Professor Stephen J Toope and colleagues at Peking University

Vice-Chancellor Professor Stephen J Toope stressed the growing importance of collaboration for global research universities in an age of anxiety during a whirlwind visit to China over the past weekend.

Global universities must be places where we are allowed to let our thoughts roam across the cosmos, to collaborate with one another, and to share our findings and our ideas

Vice-Chancellor Professor Stephen J Toope

The Vice-Chancellor joined a panel at the influential China Development Forum alongside leaders of global industry and Chinese academia, delivered a speech at Peking University, met with Tsinghua University and talked to Chinese media.

Professor Toope reminded a packed audience at Peking University of the University of Cambridge's long established ties with China, while reiterating the institution's commitment to seek collaboration wherever it offers the promise of meeting the challenges that face humanity.

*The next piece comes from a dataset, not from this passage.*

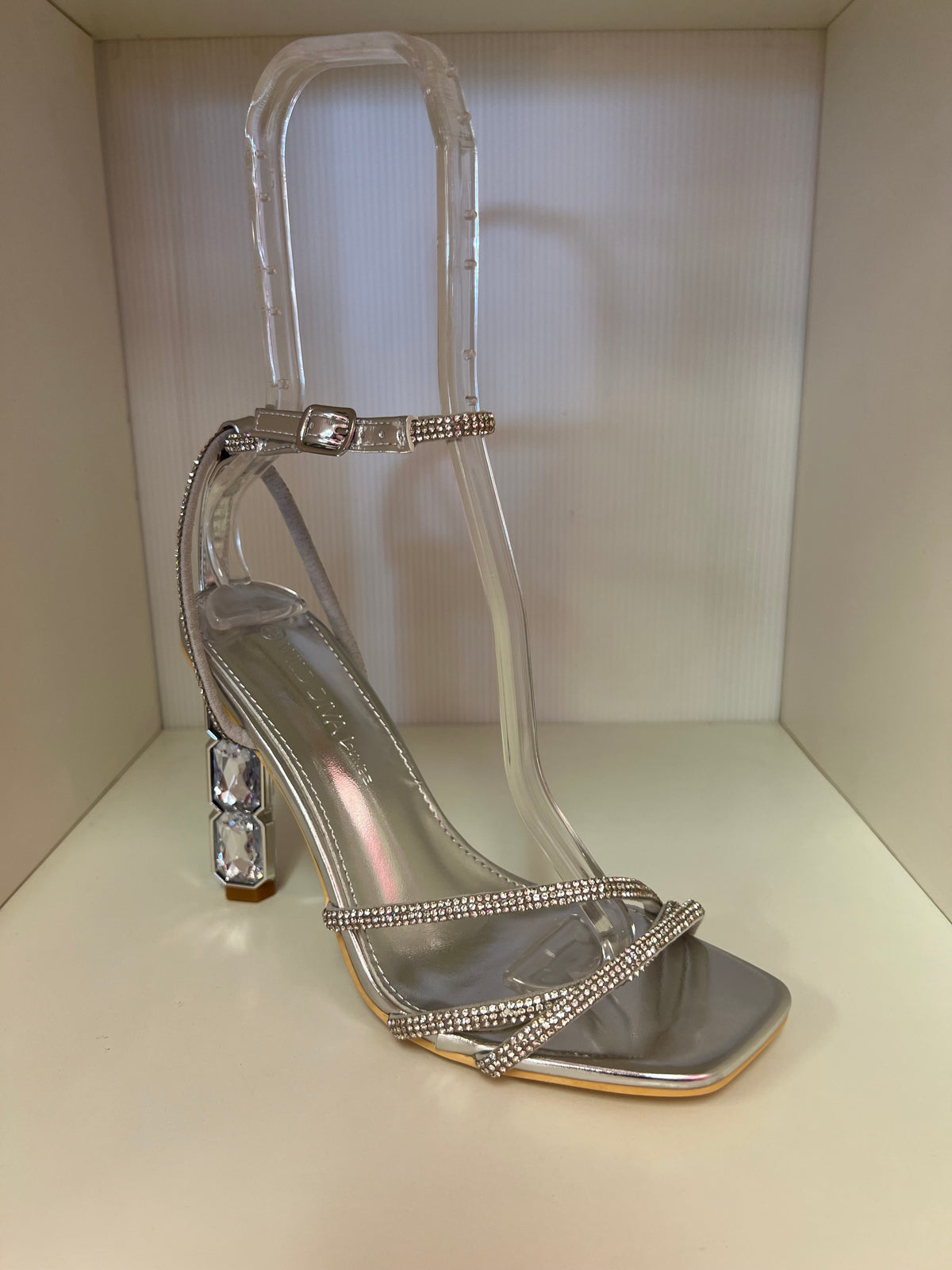 GEMSTONE-03 SILVER BLINGY HEELS WITH 3 RHINESTONE STRAP VAMP AND EMBEEDED JEWELS IN HEEL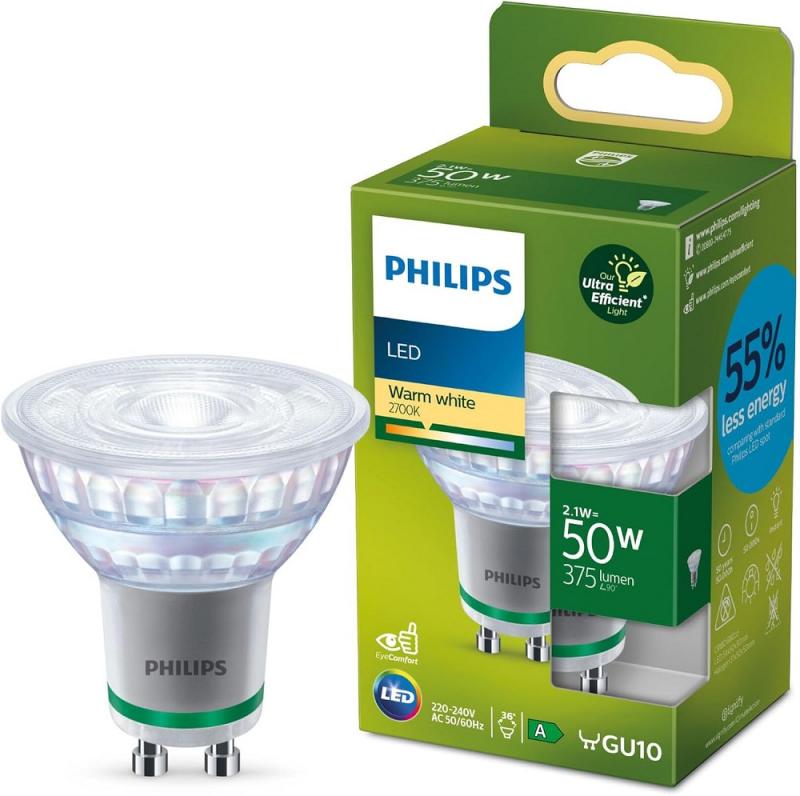 Besonders effizienter PHILIPS GU10 LED Strahler 2,1W wie 50W warmweißes Licht 2700K mit 36 ° Ausstrahlungswinkel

“Global universities must be places where we are allowed to let our thoughts roam across the cosmos, to collaborate with one another, and to share our findings and our ideas,” Professor Toope said.

Professor Toope spoke about the challenges that face the planet and how research universities must act internationally to address them.

“We live in what, borrowing from WH Auden, I call an ‘age of anxiety,’” he said.

He said that diminishing resources and the profoundly destructive impact humanity has had on our planet mean that energy efficiency, and a move towards carbon neutrality, is a priority for everyone.

“And none of us can do it alone,” he said. “Collaboration is not optional.”

 

 

Collaborations between Cambridge and China discussed during the trip included the development of “smart cities” in Nanjing, and projects on food security, including Professor Martin Jones's work to restore an ancient grain to the 21st century market.

“Challenges on this scale, of this complexity, demand the kind of multi-disciplinary teams of researchers that only global research universities can marshall,” Professor Toope said.

He extolled the virtue of diverse perspectives to help us see a problem from multiple angles and to imagine and design solutions.

“Together we can find the paths through which we can lead each other out of this age of anxiety.”

At the China Development Forum, Professor Toope discussed the demographic challenge of developing human resources. 

Speakers included Lu Xin, Chairman of the Chinese Society of Technical and Vocational Education and Former Vice-Minister of Education, Cai Fang, Vice President, Chinese Academy of Social Sciences, founding Director of the Oxford Martin School at Oxford University, Guo Sheng, CEO of Zhaopin Ltd and Christoph Beier, Managing Director of Deutsche Gesellschaft für Internationale Zusammenarbeit (GIZ), the commercial international development partner to the German government.

Afterwards, Professor Toope spoke to assembled media about multilateralism, collaboration and inequality, with his comments on how the University of Cambridge accepts China’s Gaokao as part of its admissions process making headlines across China.